Checkpointing & resume

GPT-Simple is built so that N short jobs equal one long job. A run can stop — on purpose, on a walltime deadline, or on a signal — and resume bit-for-bit, even on a different number of GPUs. This is what makes it practical on clusters with hard per-job time limits.

On-disk layout

Everything for a run lives under training.output_dir:

output_dir/
├── config.json                 # the Config that started the run
├── .run_state.json             # live status snapshot (for `gpt-simple status`)
├── tokenizer/                  # written once at run start
├── logs/
└── checkpoints/
    ├── checkpoint-1000/
    │   ├── trainer_state.json   # step, tokens, curriculum, wandb id, arch hash
    │   ├── dataloader_state/    # per-worker data cursors
    │   ├── model/
    │   │   ├── pytorch_model.bin  # plain state_dict of the unwrapped model
    │   │   └── config.json        # ModelConfig
    │   ├── optimizer.bin
    │   ├── scheduler.bin
    │   └── rng/rank_*.pkl         # per-rank RNG state
    ├── checkpoint-2734-shutdown/  # saved when stopping early
    └── final/                     # saved at end of training

Model weights are stored once, as a plain state_dict of the unwrapped module (no DDP/compile prefixes).
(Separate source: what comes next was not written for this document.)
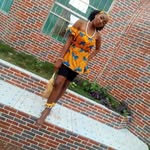 Doris Janes - @janes_doris - Instagram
Saves are atomic — a checkpoint directory only becomes visible once fully written, so an interrupted save never corrupts a run.

Resume policy

training.resume controls what happens at startup:

Value Behavior
auto (default) Resume from the newest checkpoint under output_dir, or start fresh if there is none.
scratch Train from scratch; error if checkpoints already exist (use --force to wipe them).
<path> Resume from a specific checkpoint directory.

Because auto resumes if and only if a checkpoint exists, the same command works for both the first launch and every restart — which is exactly what an auto-resubmitting orchestrator needs.
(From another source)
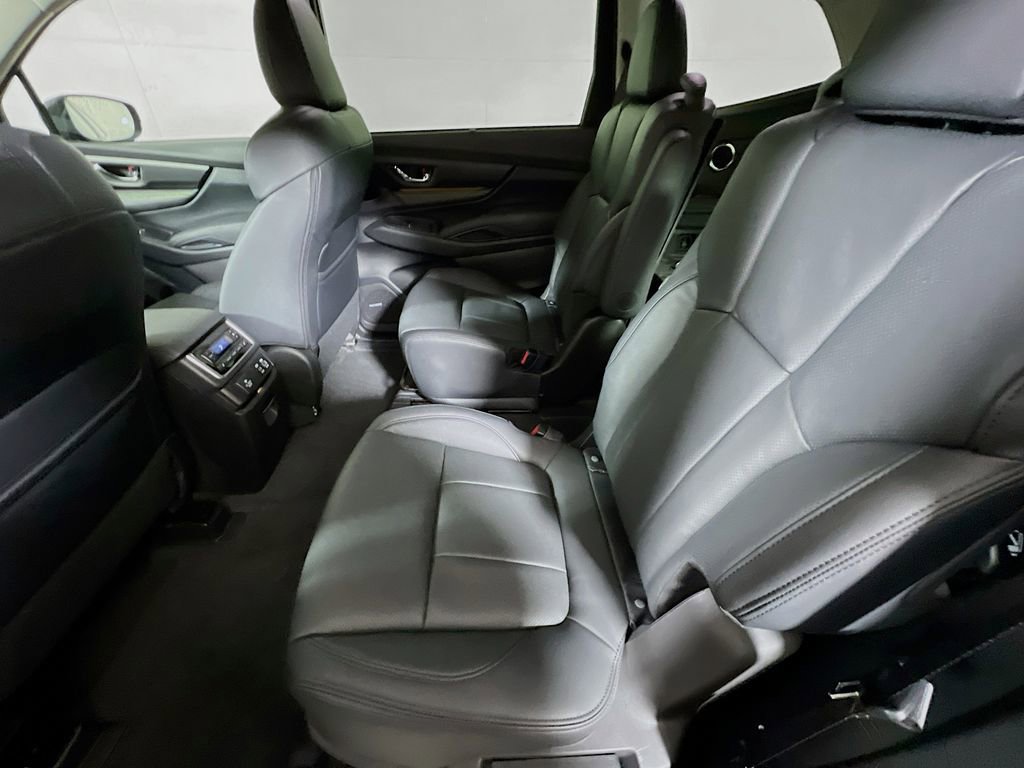 New 2026 Subaru Ascent Bronze Edition w/ Onyx Package image 19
On resume, the trainer restores model weights, optimizer and scheduler state, per-rank RNG, and per-worker data cursors. The architecture hash in trainer_state.json is checked against the current config; an incompatible change is rejected rather than silently loading mismatched weights.

Retention

To bound disk usage on long runs:

  • keep_last_k — keep only the most recent K checkpoints (null keeps all).
  • keep_milestone_every — never delete checkpoints whose step is a multiple of this value (e.g. permanent milestones every 5000 steps).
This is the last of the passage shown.